I have never been someone who wants to protect someone else’s feelings.
You often hear people say, “You need to watch what you say,” but in reality we don’t need to watch what we say.
We need to watch how we say it.
I am someone who people come to for advice a lot. I enjoy giving advice and people have often said they admire my honesty.
I am confrontational. If I don’t like the way you are treating me, I will tell you. After all, I was taught that honesty is the best policy.
If you ask me for advice regarding the boy you like, I will tell you what I honestly think you should do.
Many people come to me for friendship advice, and trust me, I will be brutally honest with you when it comes to giving advice on that subject. There is no point in spending time with fake friends because there is so much time in life to get out and make new, real friends.
There is no point in not being honest, when that is what everyone craves. You just need to watch how you phrase things so people don’t get hurt. Sometimes, there is no nice way to put something and you just need to say it as it is. Other times, you can twist your words around in order to make your message get across in a nicer way.

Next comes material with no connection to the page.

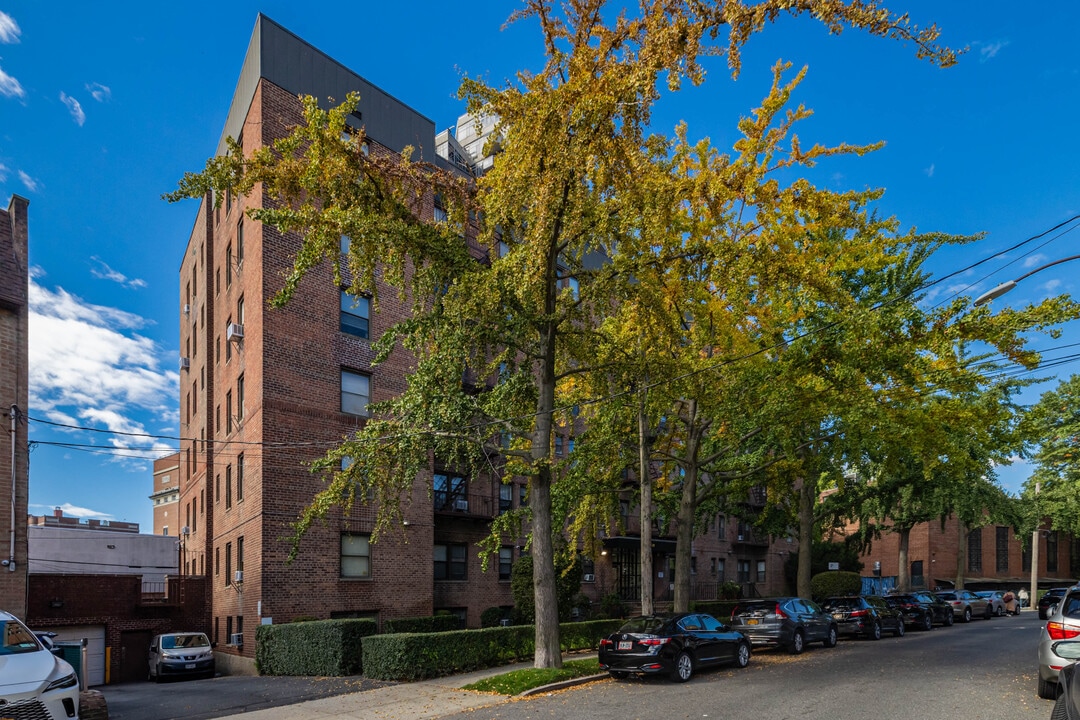The Warwick in Forest Hills, NY - Building Photo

I think it is so important to be honest with people, especially your friends. I personally know that when I ask my friends for advice or an opinion, I can tell when they aren’t being honest. When I can sense someone not being honest with me I see them as a fake person and I am less attracted to them, meaning I will want to be around them less.
I see honesty as one of the best qualities someone can have. Even if the person is brutally honest sometimes, it’s better than lying to protect someone’s feelings.
Maybe it’s just me, but I don’t want to be around fake people or be in fake friendships. I want real, genuine friendships and relationships. I want real, harsh advice so I can work on myself and better myself each day.
Tell me if you don’t want to be friends with me, because it will not hurt me. It will just help me realize who is actually there for me and worth spending time with.
It is all about the way you say something. For example, if your friend asks if you like her outfit, you can say, “I think this top goes better with those jeans.”
If your friend asks you if you think her boyfriend is a jerk you can say, “I just don’t think he is the best person for you. He can be a little judgemental sometimes.”
Remember, there is no point in lying especially, if you’re talking to a close friend.
Honesty will always go a long way, especially if you phrase it the right way.